PM Kisan, one of the world’s largest welfare schemes with a targeted beneficiary strength of 140 million, seems to be running well behind schedule, going by data on the disbursement of funds.
The scheme was started on Dec 1 2018, and has so far enrolled only around 7 cr (70 million) farmers against the target of 14 cr.
Part of the reason is the multiple levels of screening and verification involved in selected the beneficiaries.
The latest disbursement data provide further evidence that the scheme is not scaling as expected.
For example, the government set apart Rs 20,000 cr for disbursal under the PM-Kisan scheme for the months of December to March, but the actual disbursement was only Rs 6,005 cr.
Even within this 6,000 cr, 2,222 cr was disbursed to farmers in just one state – Uttar Pradesh. Just three states — Uttar Pradesh, Gujarat and Andhra Pradesh — accounted for more than 57% (Rs 3,432 cr) of the total disbursal. On the other extreme was Karnataka, where farmers got only Rs 3.9 cr during those four months from PM Kisan scheme.
Part of the reason may have been politics.
The PM Kisan scheme was considered a pre-poll sop announced by the center designed to increase the ruling BJP government’s appeal among the small farmers and their dependents.

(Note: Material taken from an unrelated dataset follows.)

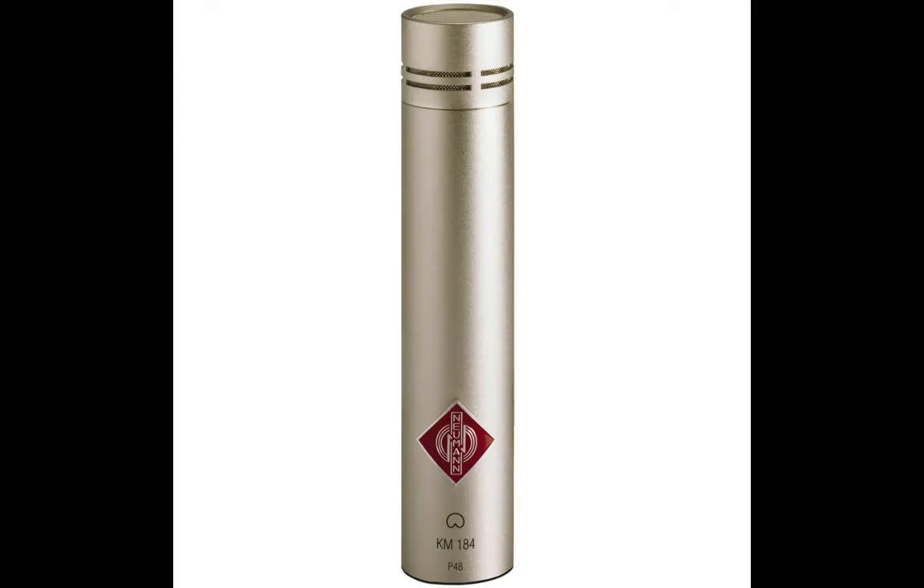Personally, I use the Neumann KM184 because of its durability and reliability. Once again, check the description below for links to all the mics we covered in this video.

As such, states like Karnataka have been less than enthusiastic about implementing it ahead of the elections in April/May.

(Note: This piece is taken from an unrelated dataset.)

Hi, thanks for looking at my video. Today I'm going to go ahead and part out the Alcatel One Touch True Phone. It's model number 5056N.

“The onus lies with the State/UTs Governments to identify the beneficiaries and upload their details thereof on PM-KISAN portal,” said Agriculture minister Narendra Singh Tomar.
However, the pace of additions have picked up in the current financial year, though they are nowhere near the numbers that were projected at the beginning.

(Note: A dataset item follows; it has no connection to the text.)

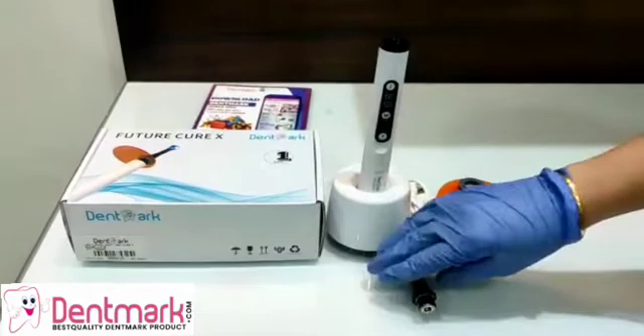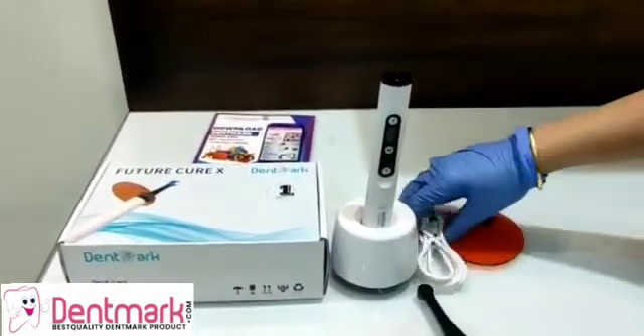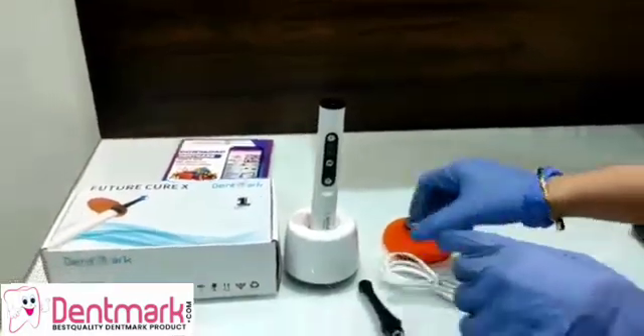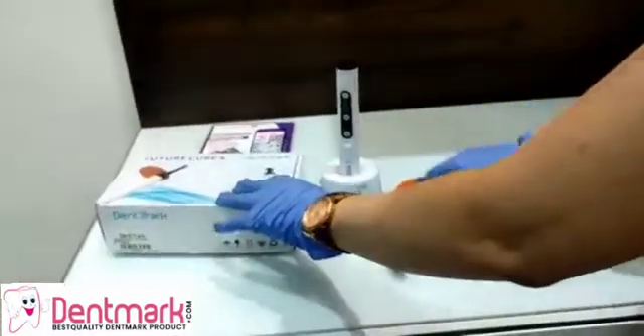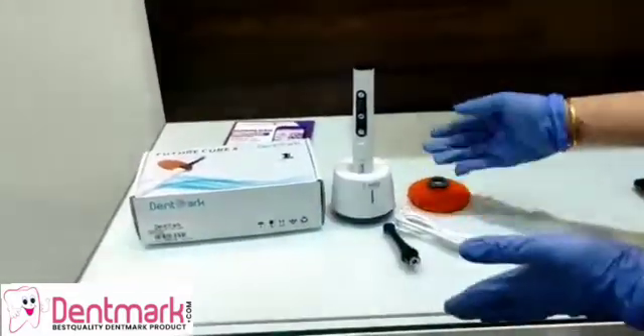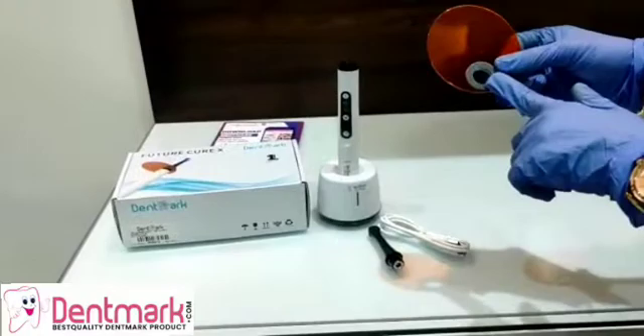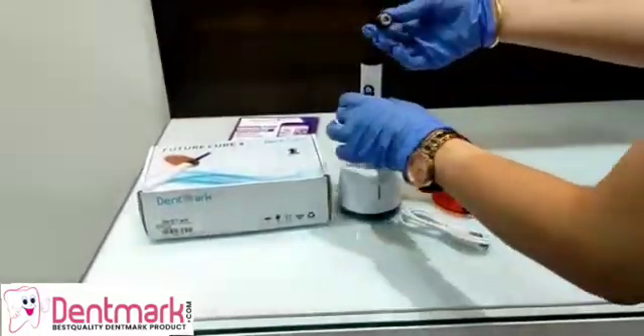This machine has several parts. Firstly, this is the bottom piece and this is the head piece. Along with this comes the wire which has to be attached at the back, and this wire can be attached to any adapter so as to charge this curing light. This is the eye shield which is inserted on the head.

The government set apart Rs 75,000 cr for disbursal this year. However, with almost 9 months gone, only 29,877 cr has been disbursed yet.
On a positive note, the regional imbalances in the disbursal have largely disappeared.
Even though Uttar Pradesh still accounts for 22.6% of the total money sent to farmers during the current financial year so far, states like Karnataka have also started getting their act together.
The southern state accounted for 1,695 cr, or about 5.7%, of the total disbursal under the scheme this year.
Maharashtra was at No.2 with 2,736 cr, while Congress-ruled Rajasthan was at No.3 with Rs 2,269 cr.
Though called PM Kisan, it is largely meant as a sort of income guarantee scheme for anyone with even a small plot of land.
As long as the applicant has a piece of land and has not paid income tax nor received pension or salary from the government or a government organization, he or she can expect to get Rs 6,000 per year in the form of agricultural pension under the scheme.
Eager to increase enrollments, the government even removed the 5-acre upper limit on the size of the landholding for beneficiaries under this scheme, in June this year.
Tomar, however, said applications can be rejected even at the level of the bank, if the submitted data fails to match with what the banks have on their records.
To improve the pace of sign ups, the government has now allowed ‘farmers’ to apply directly for inclusion in PM-Kisan by visiting any Common Service Center — a kind of e-kiosk established under an earlier e-governance initiative by the government.
They can also register online on the project website by submitting their Aadhaar number, bank account number and mobile number.